### Short text fragments from websites

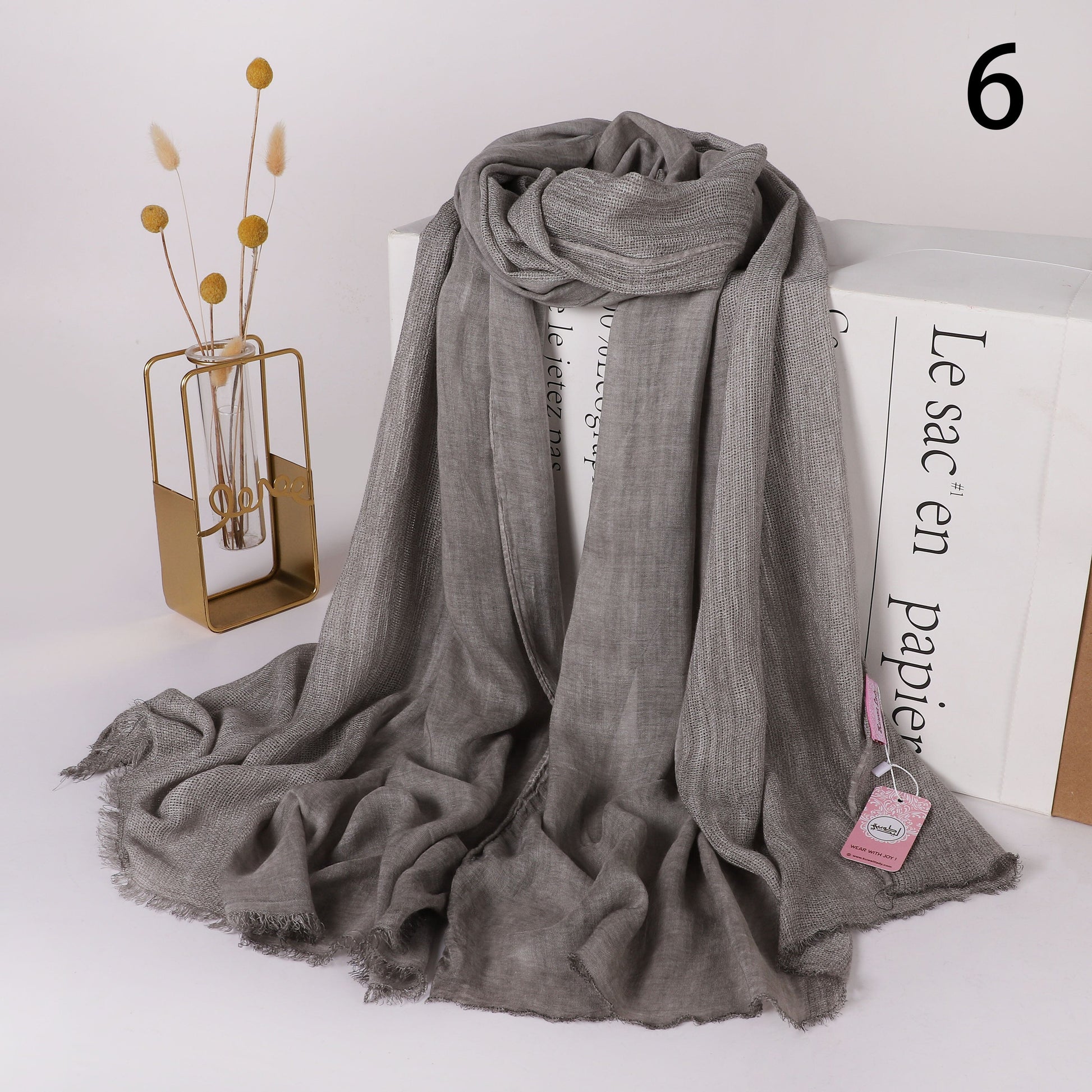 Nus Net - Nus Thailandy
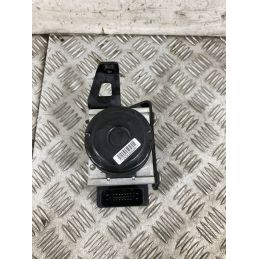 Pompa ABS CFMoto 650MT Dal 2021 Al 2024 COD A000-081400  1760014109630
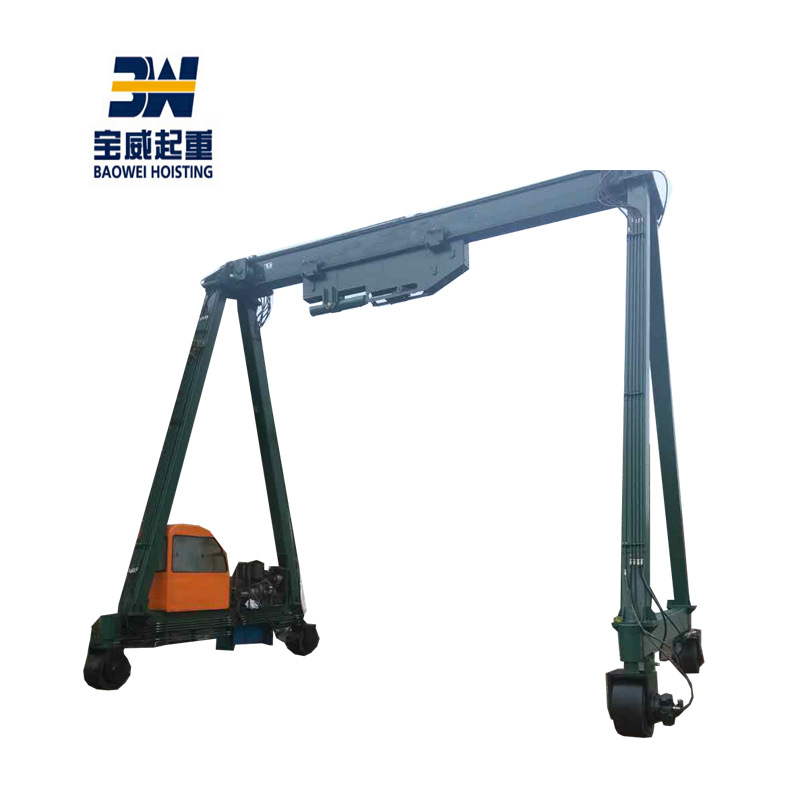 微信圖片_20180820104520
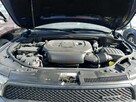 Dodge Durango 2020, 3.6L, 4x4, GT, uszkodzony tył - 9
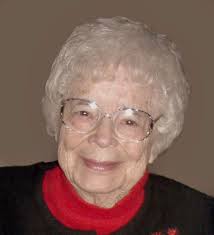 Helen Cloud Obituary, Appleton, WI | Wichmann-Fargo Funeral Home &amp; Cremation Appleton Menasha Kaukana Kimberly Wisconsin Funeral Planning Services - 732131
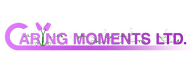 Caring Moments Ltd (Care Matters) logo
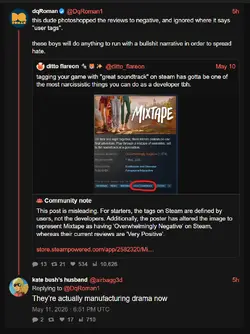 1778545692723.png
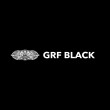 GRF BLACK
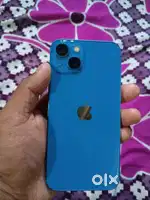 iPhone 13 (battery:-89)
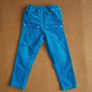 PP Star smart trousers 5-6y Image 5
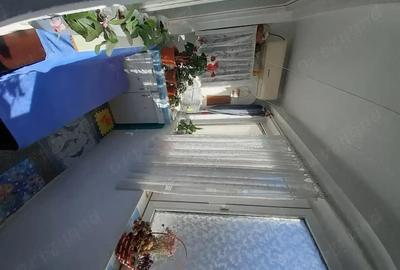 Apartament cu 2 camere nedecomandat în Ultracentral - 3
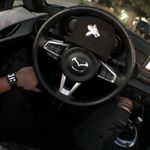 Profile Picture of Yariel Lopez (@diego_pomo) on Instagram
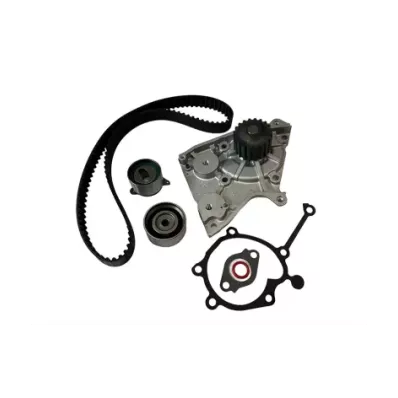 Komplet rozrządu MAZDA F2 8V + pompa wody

### About this task
Go through the lines above and write each one out verbatim, skipping the pictures.

### Result of this task
 Nus Net - Nus Thailandy
 Pompa ABS CFMoto 650MT Dal 2021 Al 2024 COD A000-081400  1760014109630
 微信圖片_20180820104520
 Dodge Durango 2020, 3.6L, 4x4, GT, uszkodzony tył - 9
 Helen Cloud Obituary, Appleton, WI | Wichmann-Fargo Funeral Home &amp; Cremation Appleton Menasha Kaukana Kimberly Wisconsin Funeral Planning Services - 732131
 Caring Moments Ltd (Care Matters) logo
 1778545692723.png
 GRF BLACK
 iPhone 13 (battery:-89)
 PP Star smart trousers 5-6y Image 5
 Apartament cu 2 camere nedecomandat în Ultracentral - 3
 Profile Picture of Yariel Lopez (@diego_pomo) on Instagram
 Komplet rozrządu MAZDA F2 8V + pompa wody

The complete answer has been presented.